Since March, the city has been willing to let owners of the vacant structures off the hook on building standards as long as they promise to make exterior touch-ups such as adding a fresh coat of paint and placing boards over broken windows.

Apparently, the $21 special permit to get the reprieve just hasn't been worth it. Only two property owners have used the "mothballing" provision, which was aimed at giving owners an alternative to demolition, said Pamela Costabile, the city's code enforcement manager.

It turns out even mothballing might be too cost-prohibitive.

"The ones that do call find out it costs quite a bit just to mothball," Ms. Costabile said.

Willie Anderson, 68, says he learned that when he "mothballed" a house last year on Daniel Street. Beyond the cost of the permit, he said he paid between $800 and $1,000 to hire workers to make necessary exterior improvements.

"That's not doing any repairs," said Mr. Anderson, who lives in Fort Lauderdale, Fla. "That's just fixing it up" to comply with mothballing requirements.

He said the only reason he didn't demolish the house was because he planned to either live in it again one day or give it to family.
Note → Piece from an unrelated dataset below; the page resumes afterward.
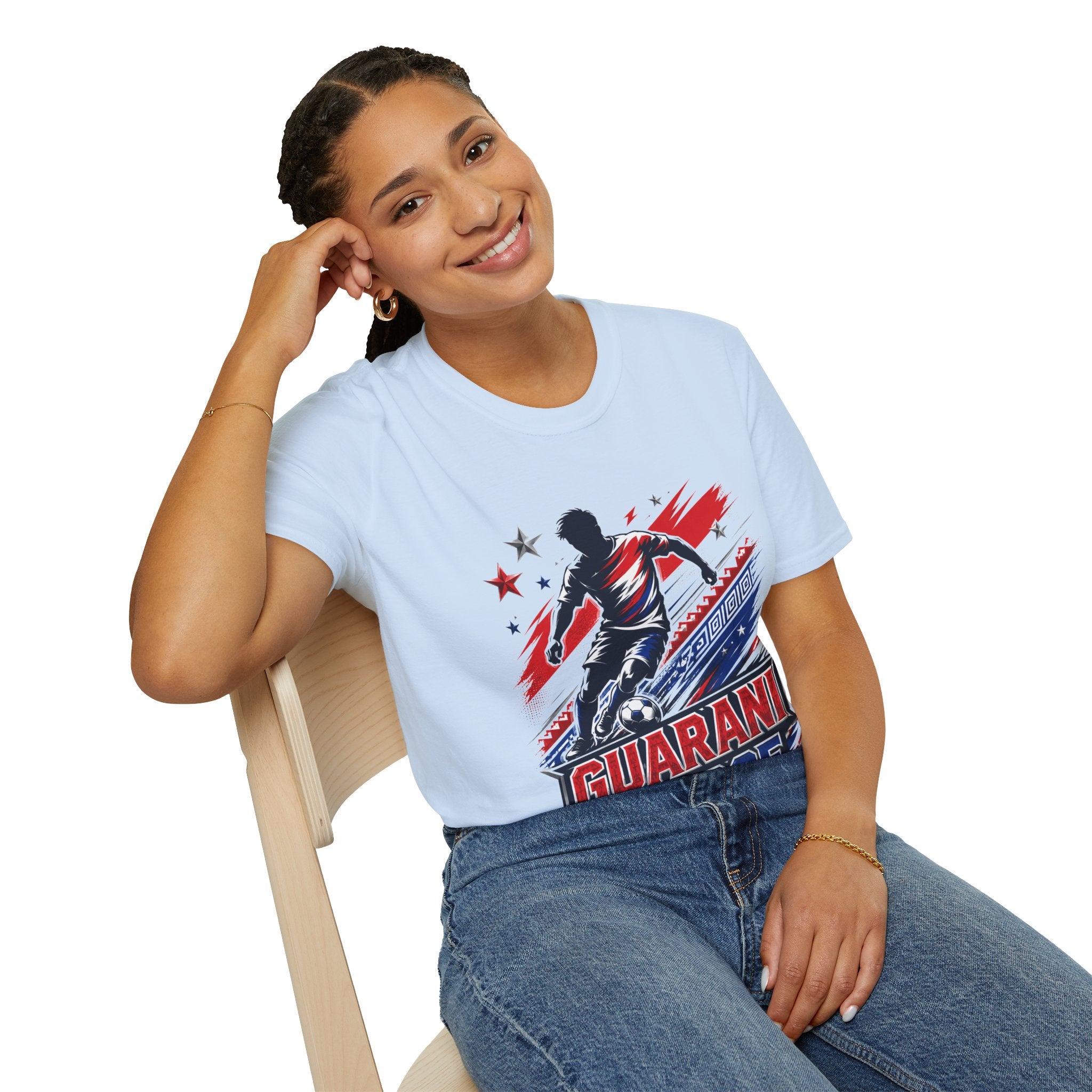 Paraguay Guarani Force Soccer T-Shirt — Red, White & Blue Futbol Fan Tee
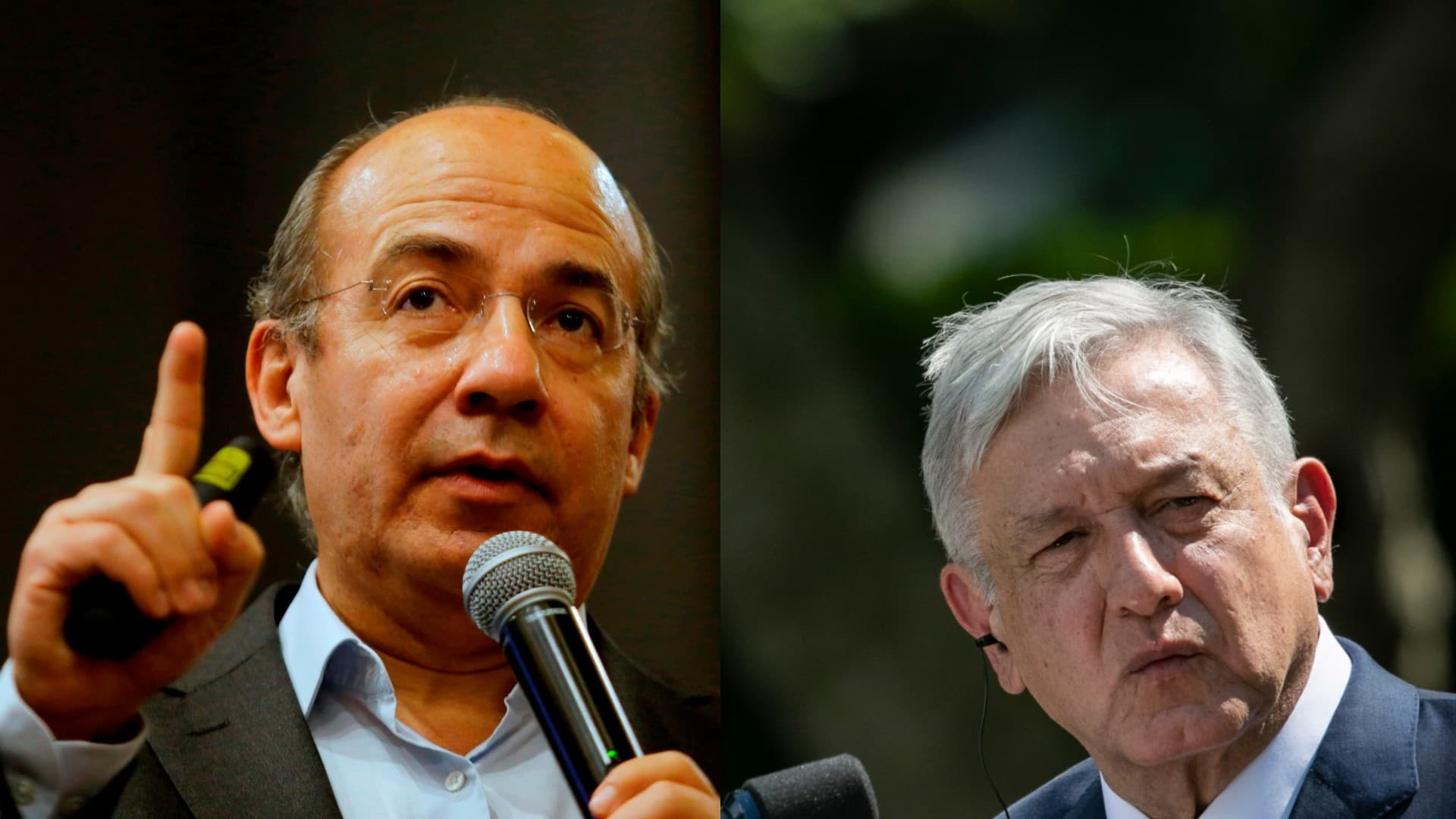 El expresidente Felipe Calderón y el presidente Andrés Manuel López Obrador. Foto: especial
Although not many have officially mothballed, some are making efforts - just not the kind that would satisfy the city.

"Sometimes they just take it upon themselves and take it and board it up," said James Mathis, a code enforcement officer and housing inspector. But that isn't enough, he said.

Property owners often do little more than haphazardly slap boards on the windows, leaving the building unsecure and many times an eyesore, code enforcers said.

Preservationists and city code enforcers had hoped "mothballing" would catch on and improve the appearance of some of Augusta's blighted neighborhoods without destroying their historic character.

Instead, about 80 buildings were demolished last year because they were not up to code, Ms. Costabile said. About 138 await a similar demise in the courts.

Erick Montgomery, the executive director of Historic Augusta, said the intention of mothballing wasn't enough to change the minds of owners who weren't fixing their property in the first place.

"If it works, it could be a real good thing," he said.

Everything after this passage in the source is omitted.